:: BRIEF ::
Up to and including the line containing "Floral Print Short Set with Belt", please reproduce the lines of the listing below, starting from the top.

:: RECORDS SHOWN ::
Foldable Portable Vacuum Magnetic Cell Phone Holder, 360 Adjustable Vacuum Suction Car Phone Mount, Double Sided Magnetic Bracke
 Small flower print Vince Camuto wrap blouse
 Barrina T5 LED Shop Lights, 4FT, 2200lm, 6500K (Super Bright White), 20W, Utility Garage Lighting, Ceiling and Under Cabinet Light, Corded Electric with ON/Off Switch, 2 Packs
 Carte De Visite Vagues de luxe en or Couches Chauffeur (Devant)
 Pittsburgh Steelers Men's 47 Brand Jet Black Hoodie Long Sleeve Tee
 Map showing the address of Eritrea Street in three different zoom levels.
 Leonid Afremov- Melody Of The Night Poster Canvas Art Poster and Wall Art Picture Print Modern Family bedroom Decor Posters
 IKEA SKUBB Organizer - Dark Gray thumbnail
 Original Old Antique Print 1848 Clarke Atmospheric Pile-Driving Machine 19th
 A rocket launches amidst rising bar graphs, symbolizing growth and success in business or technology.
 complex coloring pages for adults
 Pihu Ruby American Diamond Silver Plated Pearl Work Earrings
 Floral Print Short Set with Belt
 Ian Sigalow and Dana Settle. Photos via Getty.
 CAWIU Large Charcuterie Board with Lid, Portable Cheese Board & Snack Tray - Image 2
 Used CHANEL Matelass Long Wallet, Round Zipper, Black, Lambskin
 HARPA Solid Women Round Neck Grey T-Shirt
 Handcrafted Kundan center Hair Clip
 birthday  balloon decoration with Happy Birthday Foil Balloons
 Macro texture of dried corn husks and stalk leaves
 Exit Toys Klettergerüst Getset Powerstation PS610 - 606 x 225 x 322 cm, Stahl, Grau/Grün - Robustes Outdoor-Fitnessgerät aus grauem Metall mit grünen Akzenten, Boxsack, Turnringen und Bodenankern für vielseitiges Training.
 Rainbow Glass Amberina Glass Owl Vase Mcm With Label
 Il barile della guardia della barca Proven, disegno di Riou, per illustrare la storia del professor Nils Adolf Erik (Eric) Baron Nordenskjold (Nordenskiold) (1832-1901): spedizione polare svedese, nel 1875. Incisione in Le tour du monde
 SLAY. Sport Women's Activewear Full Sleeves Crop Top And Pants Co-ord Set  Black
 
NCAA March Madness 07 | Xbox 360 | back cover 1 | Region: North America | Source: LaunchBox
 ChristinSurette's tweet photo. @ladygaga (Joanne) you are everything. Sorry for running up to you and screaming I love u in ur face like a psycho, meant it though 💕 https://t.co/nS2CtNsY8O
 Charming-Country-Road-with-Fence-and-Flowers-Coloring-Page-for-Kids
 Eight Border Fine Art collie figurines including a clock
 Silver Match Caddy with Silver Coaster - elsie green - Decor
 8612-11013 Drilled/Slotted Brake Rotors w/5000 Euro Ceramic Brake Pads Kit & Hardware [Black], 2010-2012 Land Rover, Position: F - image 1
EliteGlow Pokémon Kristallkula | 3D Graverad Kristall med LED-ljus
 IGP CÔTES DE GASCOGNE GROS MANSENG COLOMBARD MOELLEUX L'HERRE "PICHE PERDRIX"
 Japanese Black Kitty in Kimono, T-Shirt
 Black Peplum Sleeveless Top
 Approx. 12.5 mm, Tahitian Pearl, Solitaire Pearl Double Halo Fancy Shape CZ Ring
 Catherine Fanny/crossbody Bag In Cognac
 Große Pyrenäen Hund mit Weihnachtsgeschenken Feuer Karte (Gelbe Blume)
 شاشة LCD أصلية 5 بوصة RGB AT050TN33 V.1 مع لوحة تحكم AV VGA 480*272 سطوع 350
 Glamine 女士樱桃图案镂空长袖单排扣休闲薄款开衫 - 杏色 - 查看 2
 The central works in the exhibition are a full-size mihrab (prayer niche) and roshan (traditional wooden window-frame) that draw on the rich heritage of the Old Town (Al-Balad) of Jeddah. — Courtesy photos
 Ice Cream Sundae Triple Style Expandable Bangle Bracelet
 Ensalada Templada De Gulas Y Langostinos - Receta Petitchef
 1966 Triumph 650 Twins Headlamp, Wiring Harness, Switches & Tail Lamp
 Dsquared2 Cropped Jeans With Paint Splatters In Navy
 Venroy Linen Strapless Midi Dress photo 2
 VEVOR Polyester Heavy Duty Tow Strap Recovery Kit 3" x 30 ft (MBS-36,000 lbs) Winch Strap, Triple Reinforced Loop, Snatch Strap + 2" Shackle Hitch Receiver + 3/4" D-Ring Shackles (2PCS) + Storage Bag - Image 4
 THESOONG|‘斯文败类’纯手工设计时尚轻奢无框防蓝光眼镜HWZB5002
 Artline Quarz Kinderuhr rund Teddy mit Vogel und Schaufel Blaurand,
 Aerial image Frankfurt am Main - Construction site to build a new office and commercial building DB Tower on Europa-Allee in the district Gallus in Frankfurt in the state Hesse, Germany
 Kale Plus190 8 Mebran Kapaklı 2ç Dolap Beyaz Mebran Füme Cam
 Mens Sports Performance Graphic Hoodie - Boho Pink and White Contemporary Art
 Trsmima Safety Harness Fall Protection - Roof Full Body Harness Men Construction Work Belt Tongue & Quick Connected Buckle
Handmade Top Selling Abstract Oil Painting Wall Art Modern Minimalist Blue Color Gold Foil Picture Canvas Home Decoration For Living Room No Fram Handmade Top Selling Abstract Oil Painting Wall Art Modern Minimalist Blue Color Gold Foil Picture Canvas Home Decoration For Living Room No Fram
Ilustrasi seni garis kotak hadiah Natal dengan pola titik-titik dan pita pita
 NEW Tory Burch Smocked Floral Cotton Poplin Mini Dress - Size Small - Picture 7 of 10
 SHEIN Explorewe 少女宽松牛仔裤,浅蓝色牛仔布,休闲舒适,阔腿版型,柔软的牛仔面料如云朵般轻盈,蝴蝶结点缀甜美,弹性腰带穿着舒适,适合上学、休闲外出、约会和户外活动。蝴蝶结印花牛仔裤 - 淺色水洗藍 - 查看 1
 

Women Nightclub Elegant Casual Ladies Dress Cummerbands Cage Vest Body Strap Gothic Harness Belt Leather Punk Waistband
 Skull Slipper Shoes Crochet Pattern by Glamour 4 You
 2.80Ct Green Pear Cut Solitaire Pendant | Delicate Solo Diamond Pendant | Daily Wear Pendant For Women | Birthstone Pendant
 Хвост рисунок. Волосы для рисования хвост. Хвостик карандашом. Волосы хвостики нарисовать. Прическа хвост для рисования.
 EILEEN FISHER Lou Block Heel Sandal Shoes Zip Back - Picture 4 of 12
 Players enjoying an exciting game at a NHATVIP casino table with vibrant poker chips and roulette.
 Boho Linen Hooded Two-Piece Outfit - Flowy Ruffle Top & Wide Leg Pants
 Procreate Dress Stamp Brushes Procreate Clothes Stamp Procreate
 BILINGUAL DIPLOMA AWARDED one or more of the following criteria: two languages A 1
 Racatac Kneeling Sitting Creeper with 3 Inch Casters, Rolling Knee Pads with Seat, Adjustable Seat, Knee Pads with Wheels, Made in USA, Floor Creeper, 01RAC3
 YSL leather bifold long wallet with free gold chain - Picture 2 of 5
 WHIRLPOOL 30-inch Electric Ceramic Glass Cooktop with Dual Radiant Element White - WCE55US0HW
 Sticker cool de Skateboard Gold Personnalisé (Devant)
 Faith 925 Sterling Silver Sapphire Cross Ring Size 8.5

:: ANSWER FOR THE TASK ::
Foldable Portable Vacuum Magnetic Cell Phone Holder, 360 Adjustable Vacuum Suction Car Phone Mount, Double Sided Magnetic Bracke
 Small flower print Vince Camuto wrap blouse
 Barrina T5 LED Shop Lights, 4FT, 2200lm, 6500K (Super Bright White), 20W, Utility Garage Lighting, Ceiling and Under Cabinet Light, Corded Electric with ON/Off Switch, 2 Packs
 Carte De Visite Vagues de luxe en or Couches Chauffeur (Devant)
 Pittsburgh Steelers Men's 47 Brand Jet Black Hoodie Long Sleeve Tee
 Map showing the address of Eritrea Street in three different zoom levels.
 Leonid Afremov- Melody Of The Night Poster Canvas Art Poster and Wall Art Picture Print Modern Family bedroom Decor Posters
 IKEA SKUBB Organizer - Dark Gray thumbnail
 Original Old Antique Print 1848 Clarke Atmospheric Pile-Driving Machine 19th
 A rocket launches amidst rising bar graphs, symbolizing growth and success in business or technology.
 complex coloring pages for adults
 Pihu Ruby American Diamond Silver Plated Pearl Work Earrings
 Floral Print Short Set with Belt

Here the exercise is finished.